=== RECORDS PROVIDED ===
^^^^
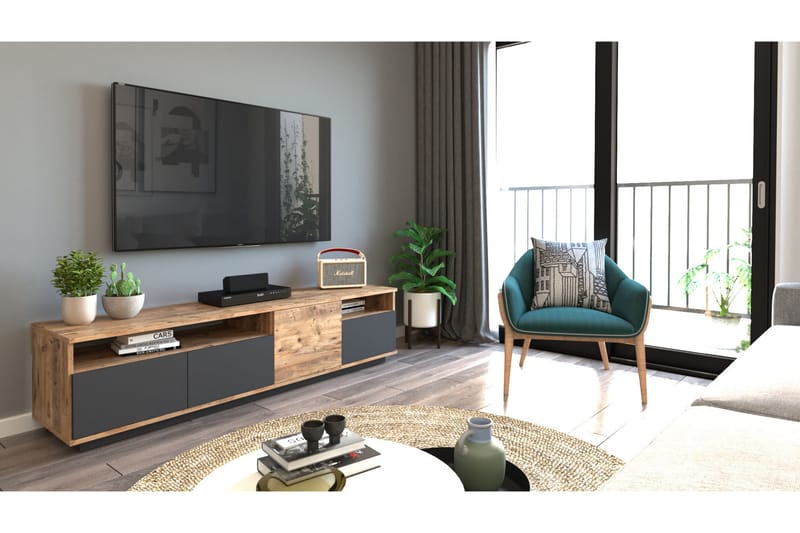 Anari Tv-bänk 180 cm 2 Hyllor - Natur/Antracit - Möbler - Tv möbel & mediamöbel - TV bänk & mediabänk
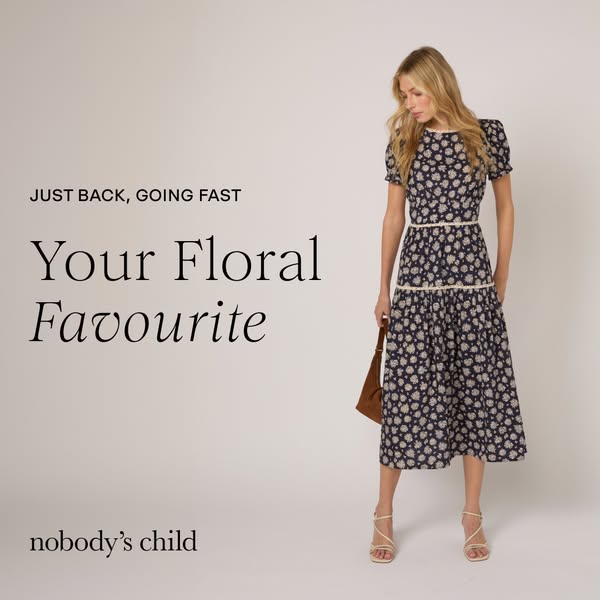 The ad shows a woman modeling a floral print midi dress and is meant to convey the limited availability of the featured 
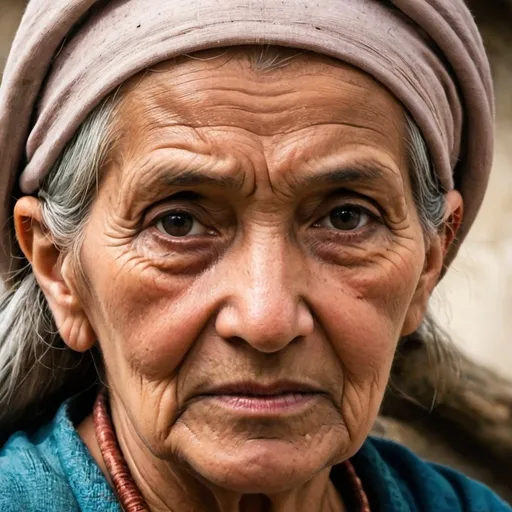 Prompt: an old wise woman closeup BUT NOT TO CLOSE . ful head and head gear can be seen
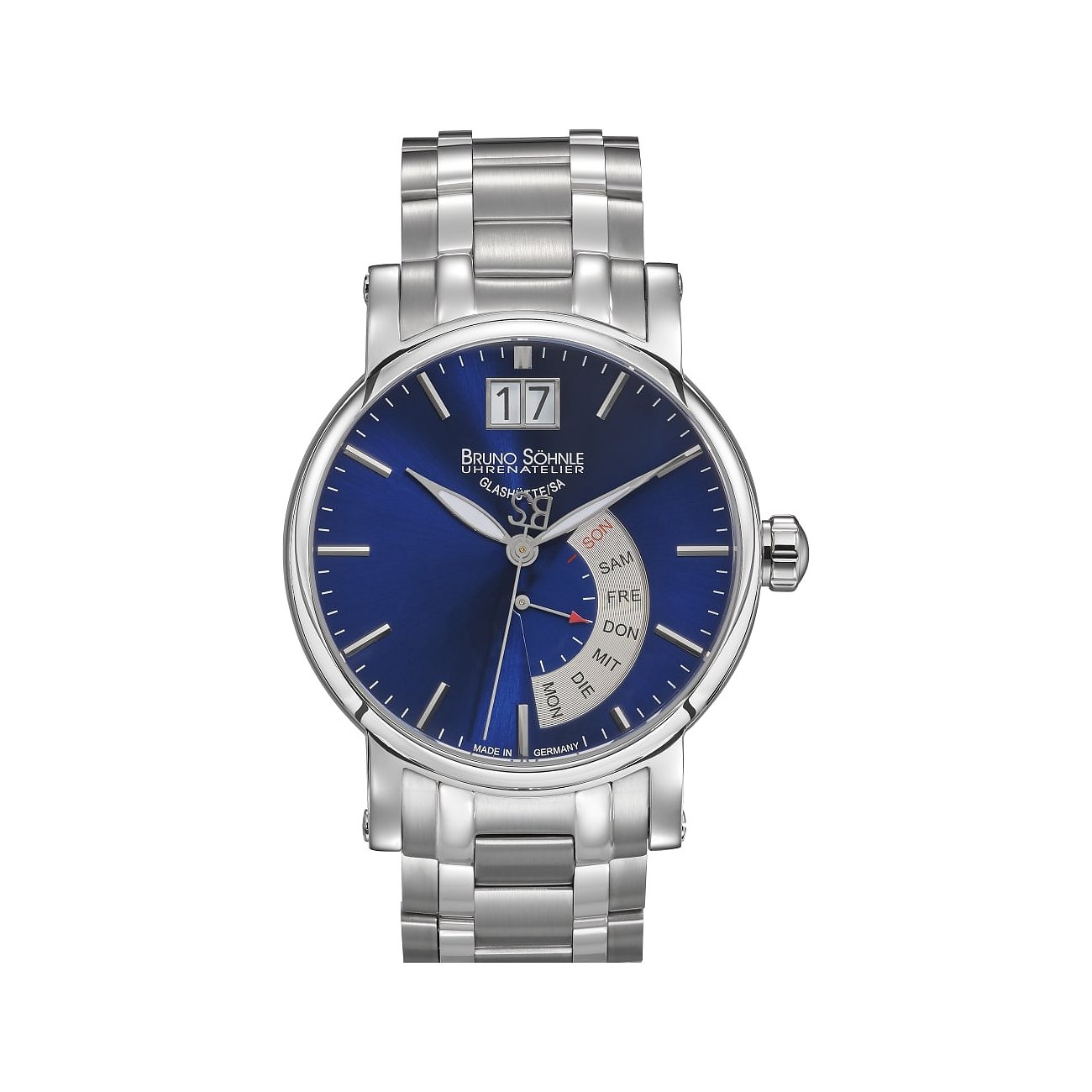 Bruno Söhnle Herrenuhr mit Edelstahlgehäuse, blauem Zifferblatt und Datumsanzeige.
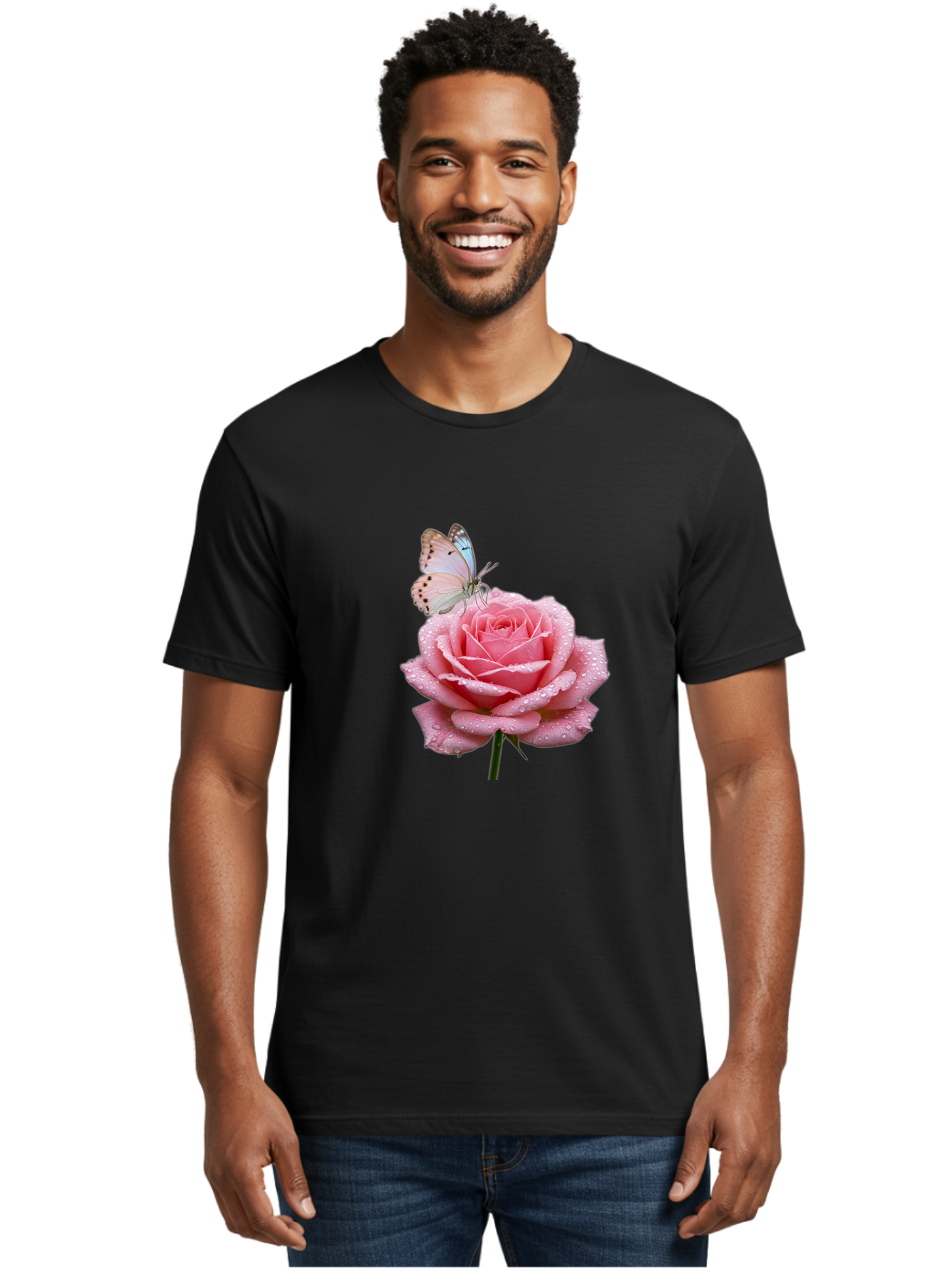 Butterfly-On-Rose Men'S Graphic Tee, 100% Cotton, Comfortable Casual Summer Wear, Machine Washable, Vintage Camera, Old Camera, Antique Camera, Black Camera, Classic Photography, Photography Equipment, Nostalgic Device, Film Camera, Camera Art Baj367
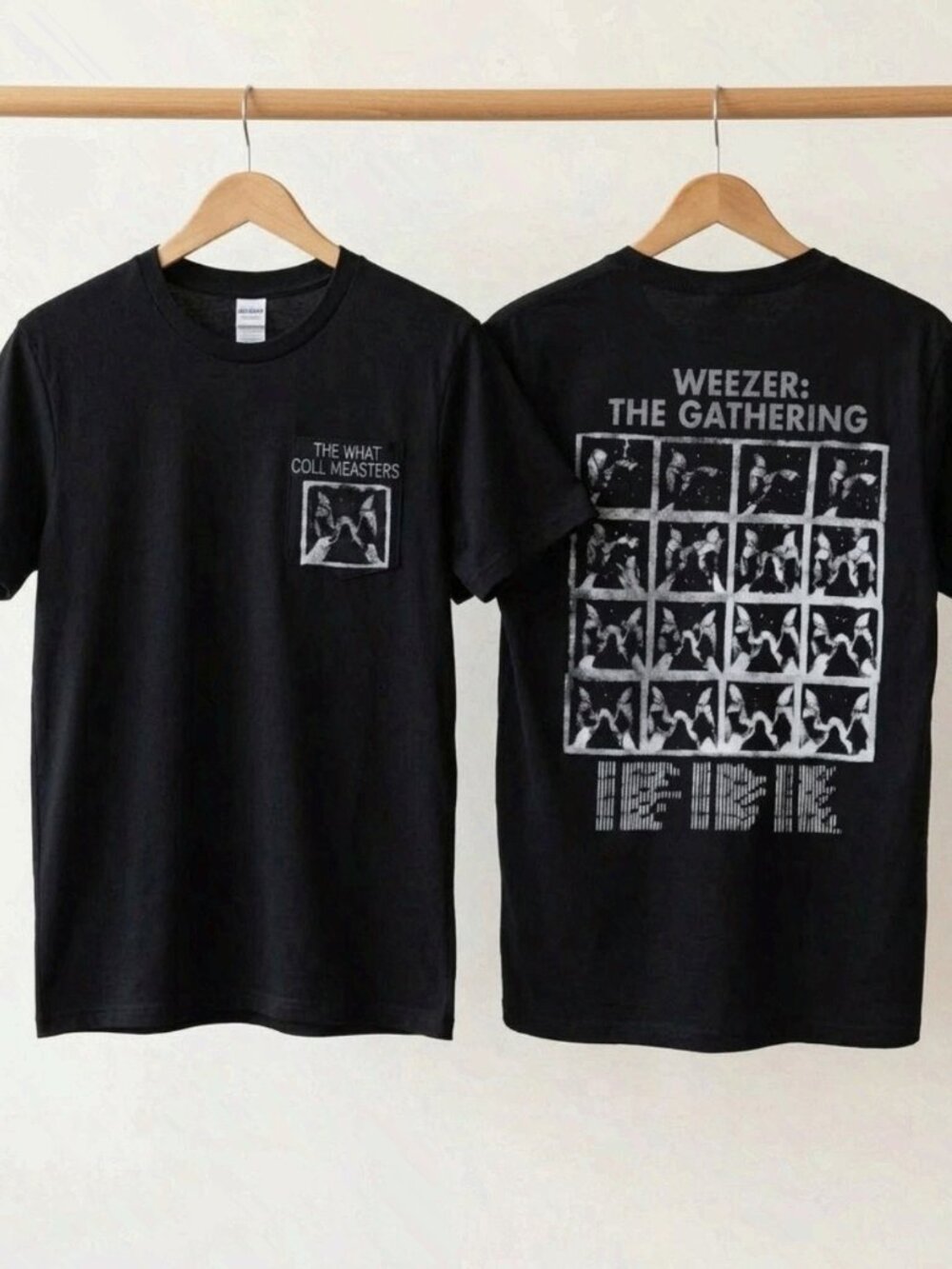 Weezer The Gathering Tour Photo Grid Black T-Shirt Reprint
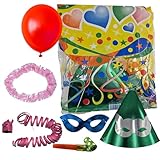 Cotillon Fin de Año 2024 Lote 10 Bolsas, Nochevieja, Año Nuevo, Fiesta para Photocall, Navidad (Modelo B Deluxe)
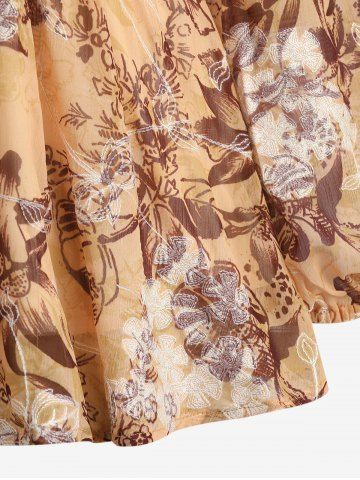 Floral Print Embroidery Ruched Surplice 2 in 1 Long Sleeves Blouse and Ruffles Waist Wide Leg Pants Plus Size Outfit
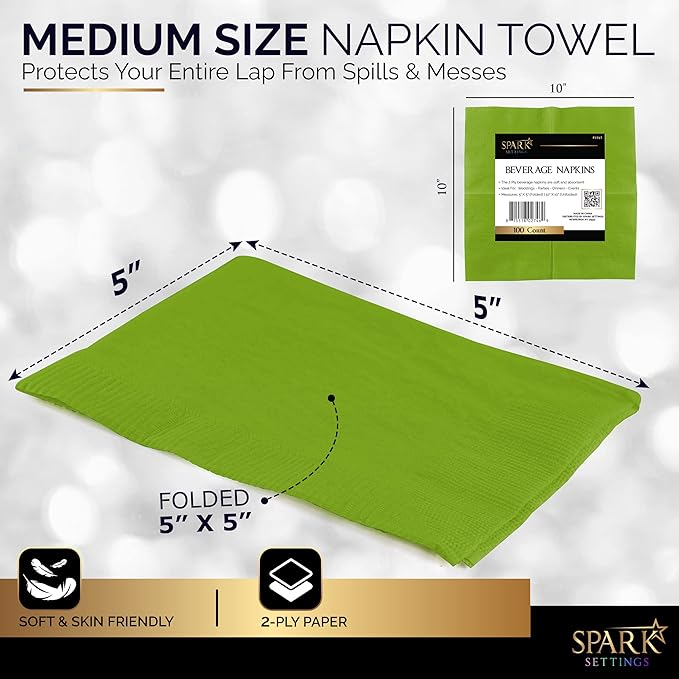 100 Pack Kiwi Green Beverage Napkins, Big Party Pack, 2 Ply, Ideal for Wedding, Party, Birthday, Dinner, Lunch, Cocktails. (5” x 5”) by Amcrate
^^^^
=== TASK INSTRUCTIONS ===
Nothing but the lines above from the line with "The ad shows" up to and including the line with "Bruno Söhnle Herrenuhr" should be returned, exactly as written and without pictures.

=== YOUR RESPONSE ===
 The ad shows a woman modeling a floral print midi dress and is meant to convey the limited availability of the featured 
 Prompt: an old wise woman closeup BUT NOT TO CLOSE . ful head and head gear can be seen
 Bruno Söhnle Herrenuhr mit Edelstahlgehäuse, blauem Zifferblatt und Datumsanzeige.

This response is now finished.